[Opening Supplied information section]
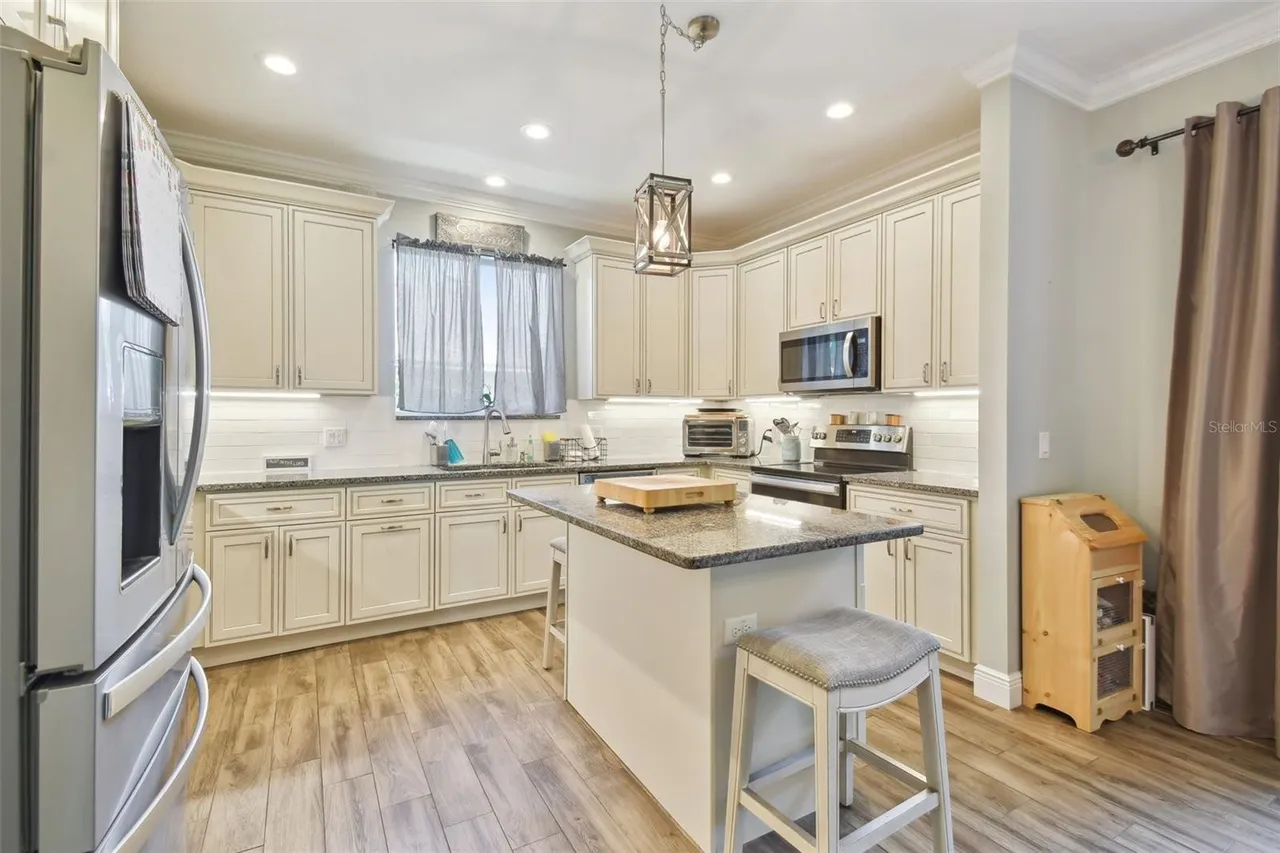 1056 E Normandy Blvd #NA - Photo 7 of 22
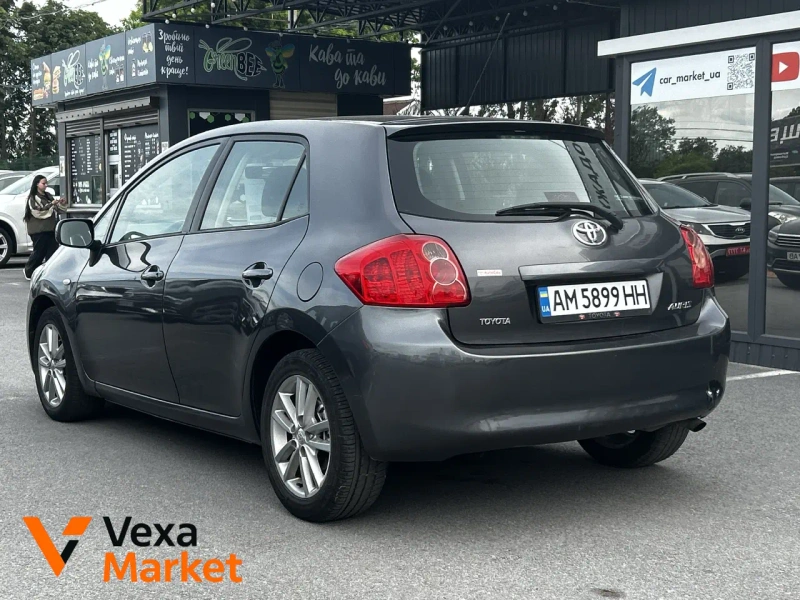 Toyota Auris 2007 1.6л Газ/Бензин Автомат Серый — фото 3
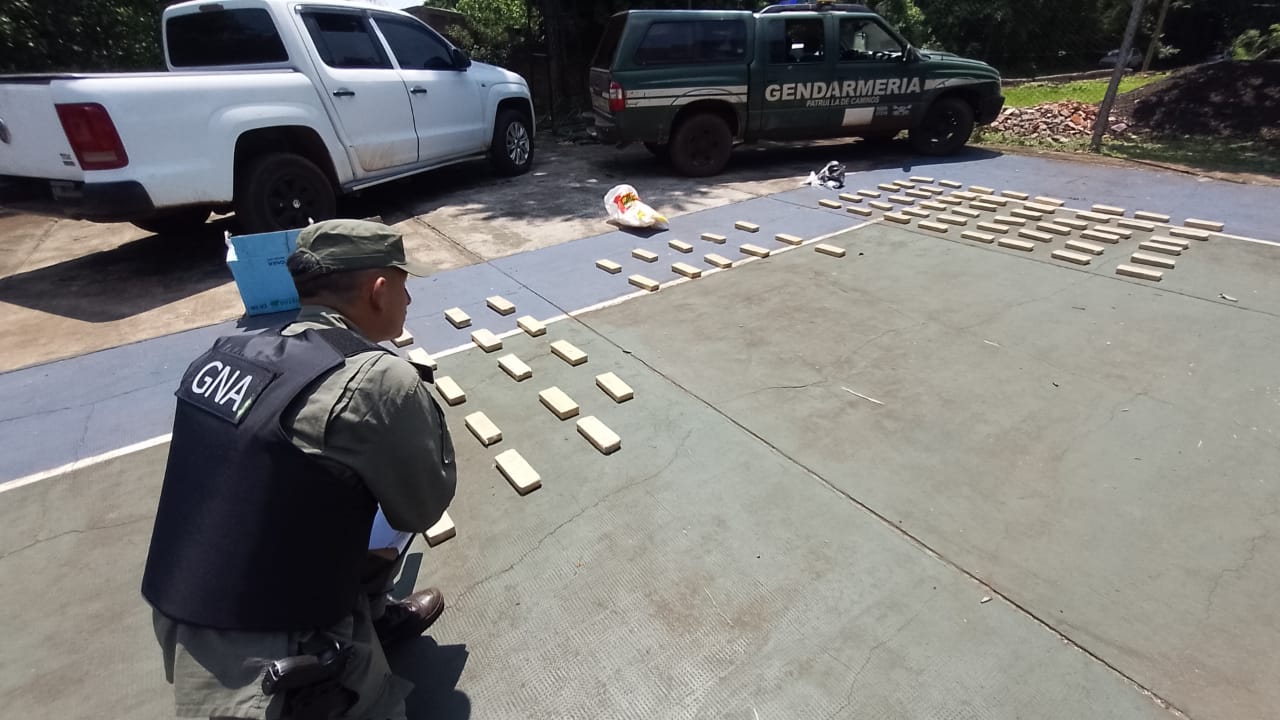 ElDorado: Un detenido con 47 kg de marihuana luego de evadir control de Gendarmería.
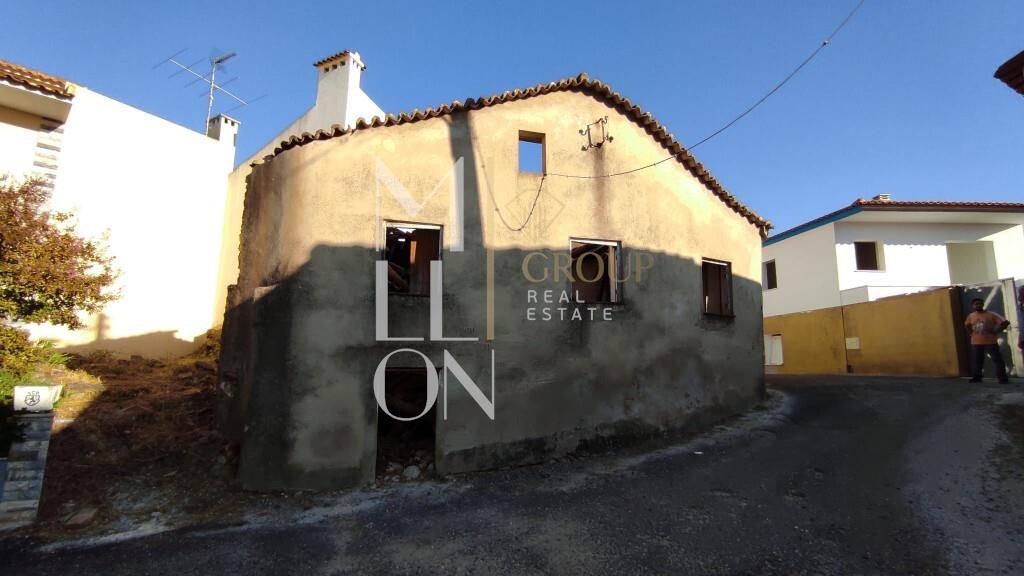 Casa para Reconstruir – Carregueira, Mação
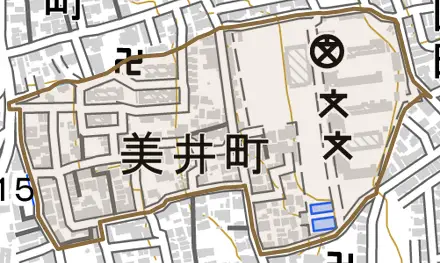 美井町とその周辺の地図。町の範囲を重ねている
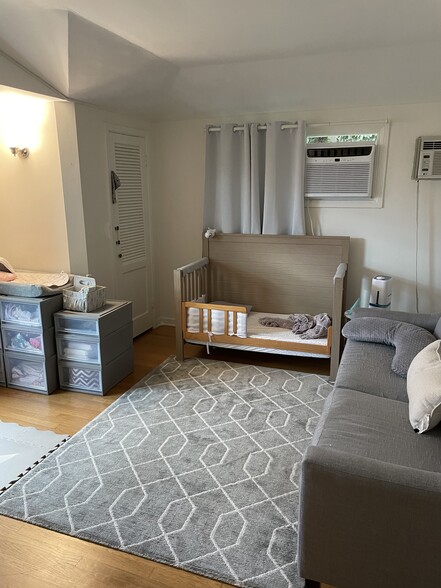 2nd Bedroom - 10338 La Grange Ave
[Closing Supplied information section]
**What needs to be done**
Please reproduce the entries from above exactly; images are not part of the copy.

**Answer space**
 1056 E Normandy Blvd #NA - Photo 7 of 22
 Toyota Auris 2007 1.6л Газ/Бензин Автомат Серый — фото 3
 ElDorado: Un detenido con 47 kg de marihuana luego de evadir control de Gendarmería.
 Casa para Reconstruir – Carregueira, Mação
 美井町とその周辺の地図。町の範囲を重ねている
 2nd Bedroom - 10338 La Grange Ave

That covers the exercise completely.